Web page caption snippets:

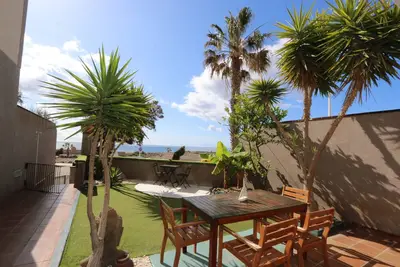 Image de Family House on the Beach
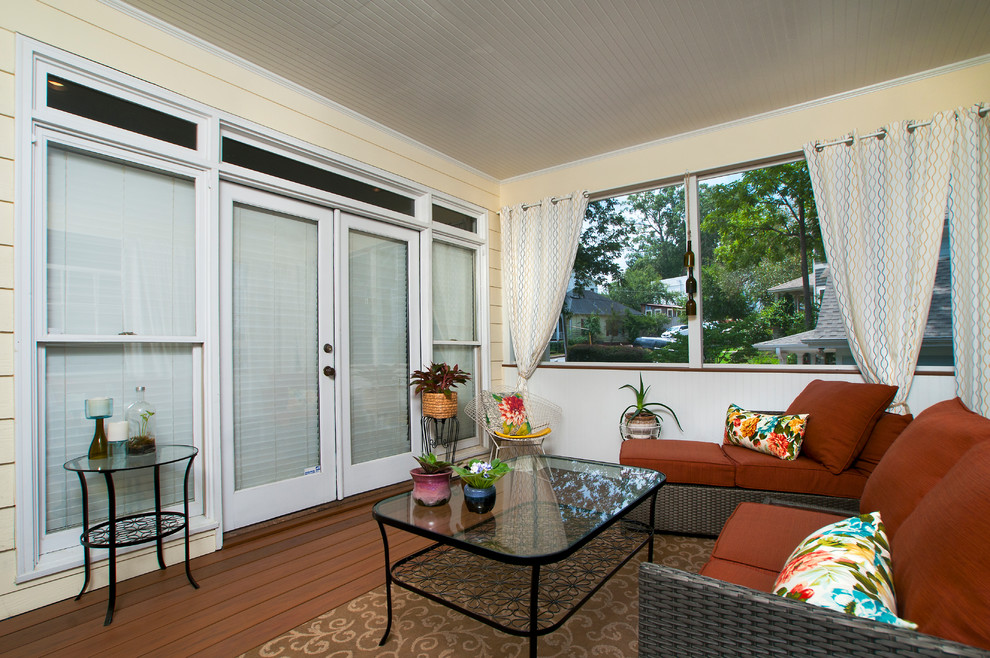 Ejemplo de porche cerrado tradicional renovado extra grande en patio lateral y anexo de casas con entablado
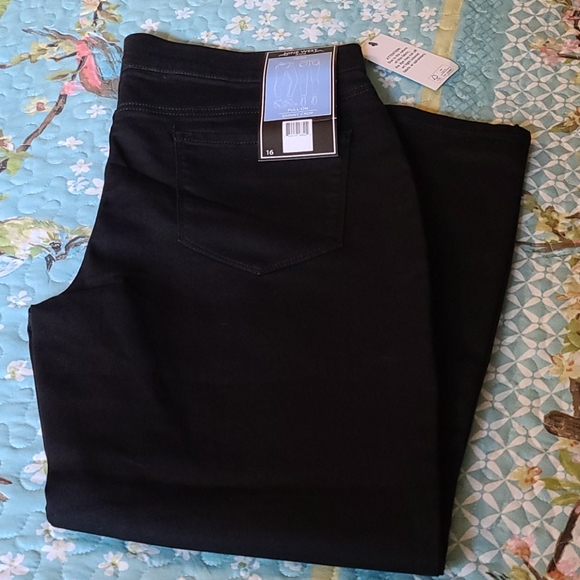 Nine West Denim - Nine West Pull On Cropped Jeans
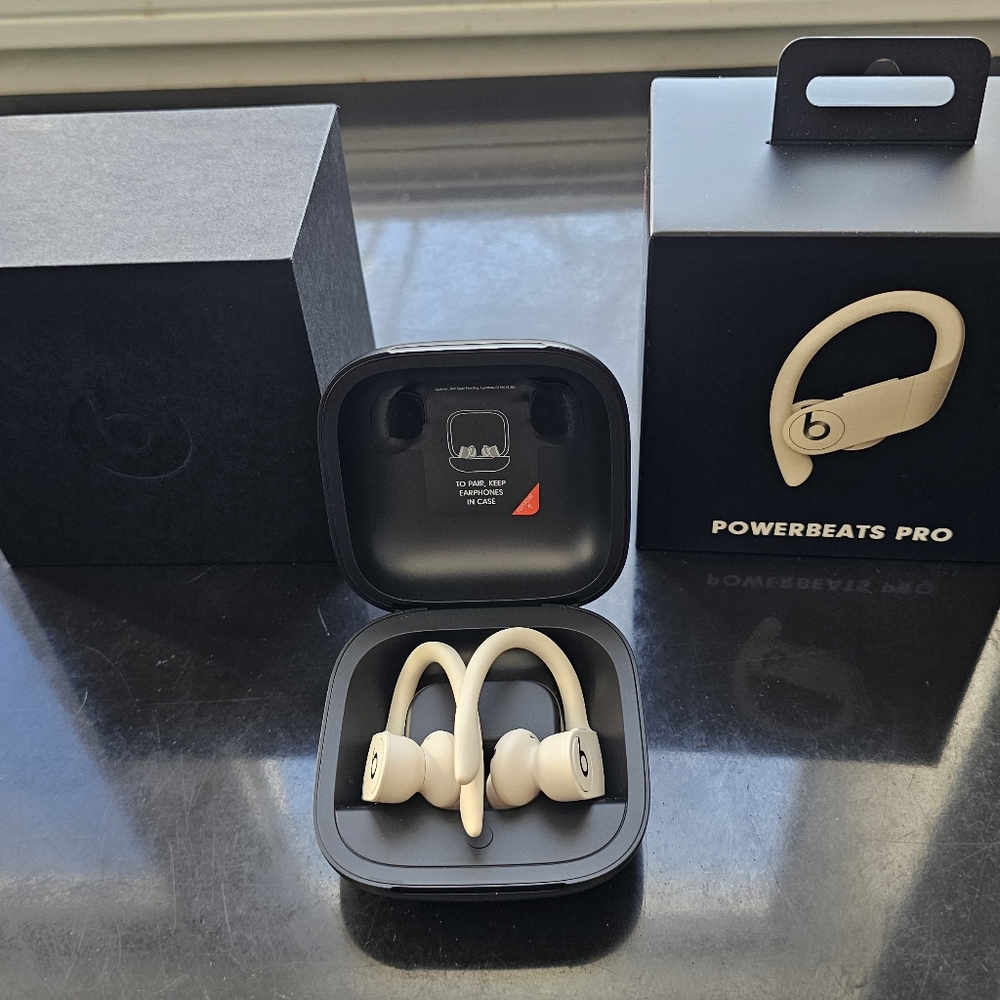Powerbeats Pro Earbuds Ivory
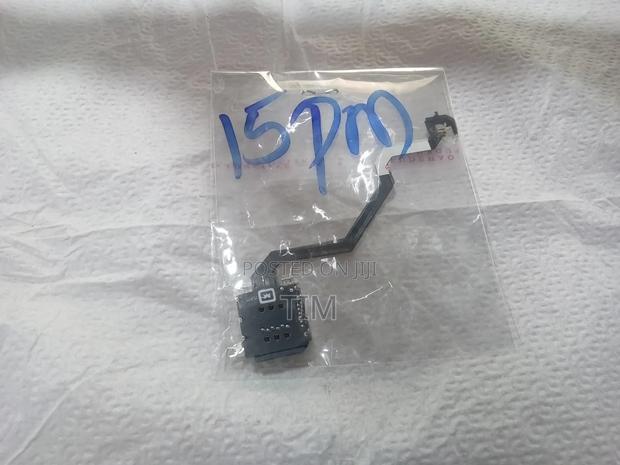 iPhone 15 Pro Max Simcard Reader - thumbnail 2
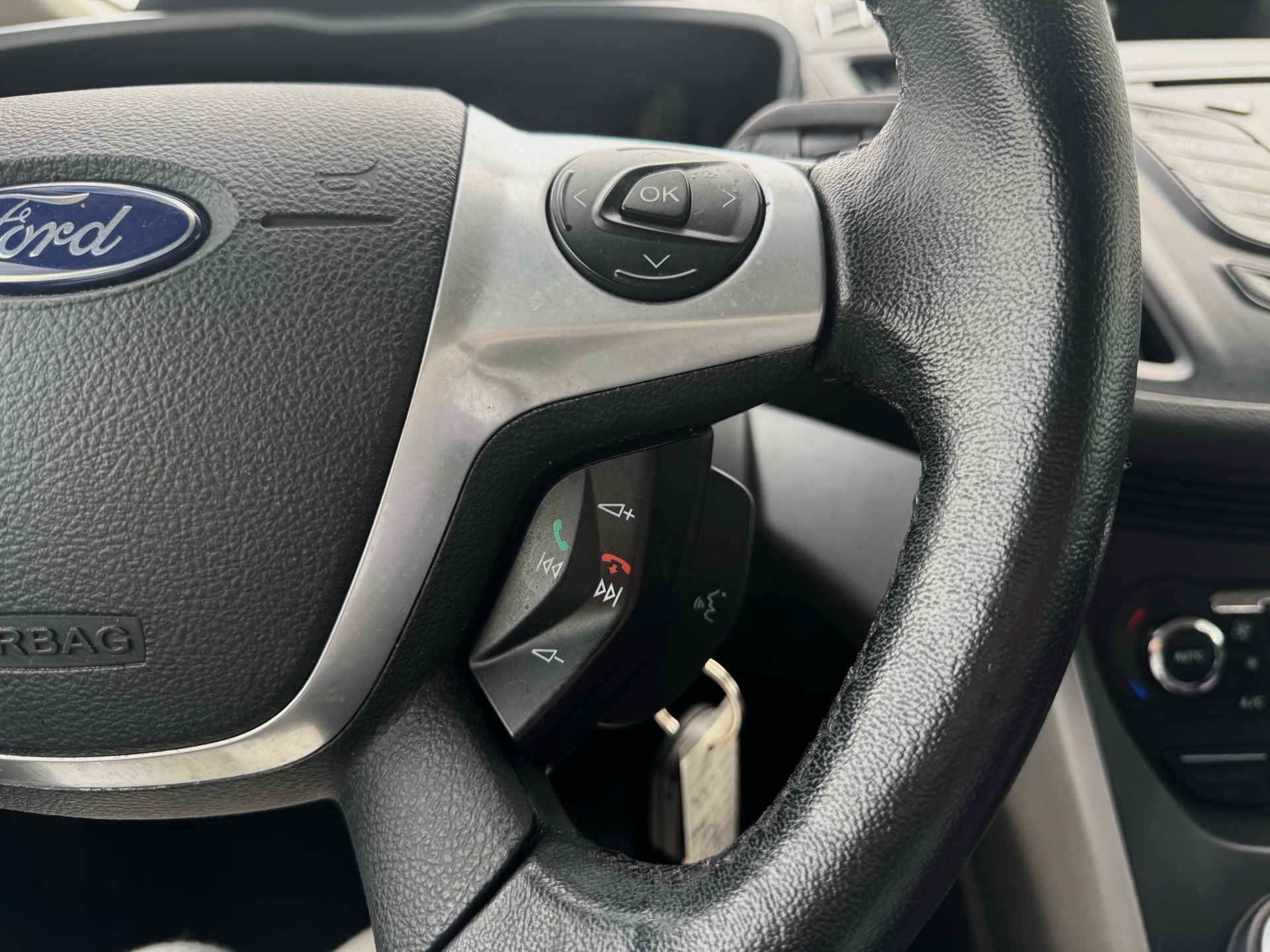 /azureautogallery1/2013-Ford-C-Max-11188900779186417.jpg
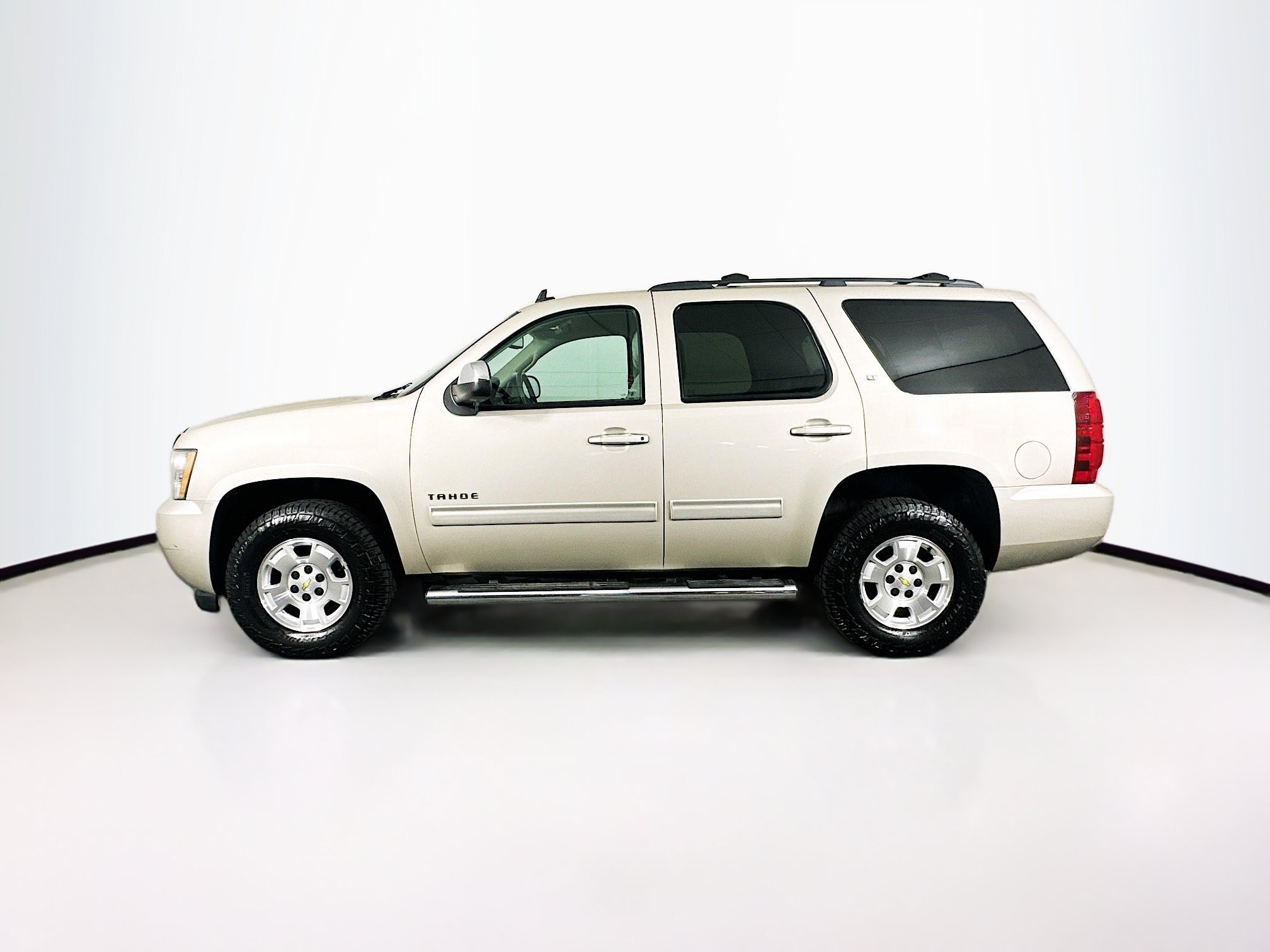 Used 2014 Chevrolet Tahoe LT w/ Luxury Package AWD/4WD image 4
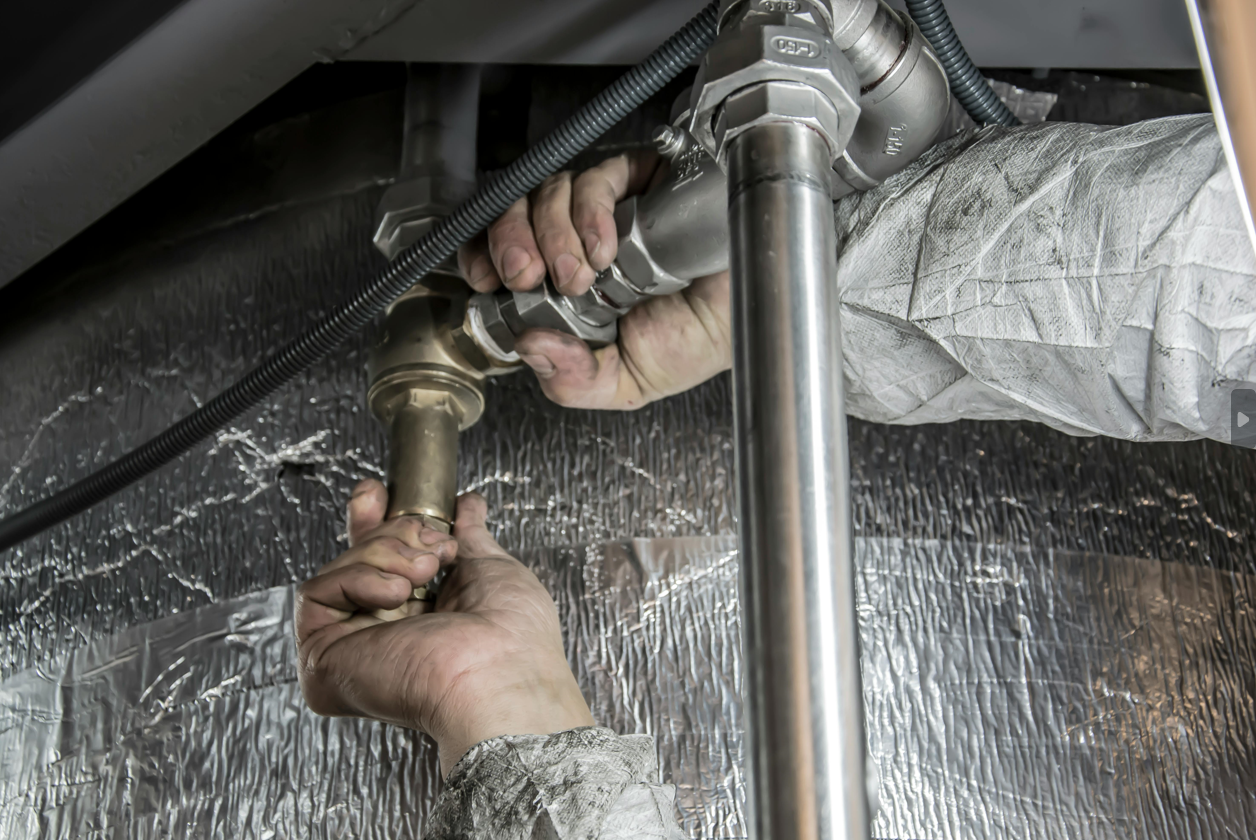 Repairing vs Replacing Your Water Heater - A Cost-Effective Comparison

Action item: Transcribe the records above exactly, without images.

The answer:
 Image de Family House on the Beach
 Ejemplo de porche cerrado tradicional renovado extra grande en patio lateral y anexo de casas con entablado
 Nine West Denim - Nine West Pull On Cropped Jeans
Powerbeats Pro Earbuds Ivory
 iPhone 15 Pro Max Simcard Reader - thumbnail 2
 /azureautogallery1/2013-Ford-C-Max-11188900779186417.jpg
 Used 2014 Chevrolet Tahoe LT w/ Luxury Package AWD/4WD image 4
 Repairing vs Replacing Your Water Heater - A Cost-Effective Comparison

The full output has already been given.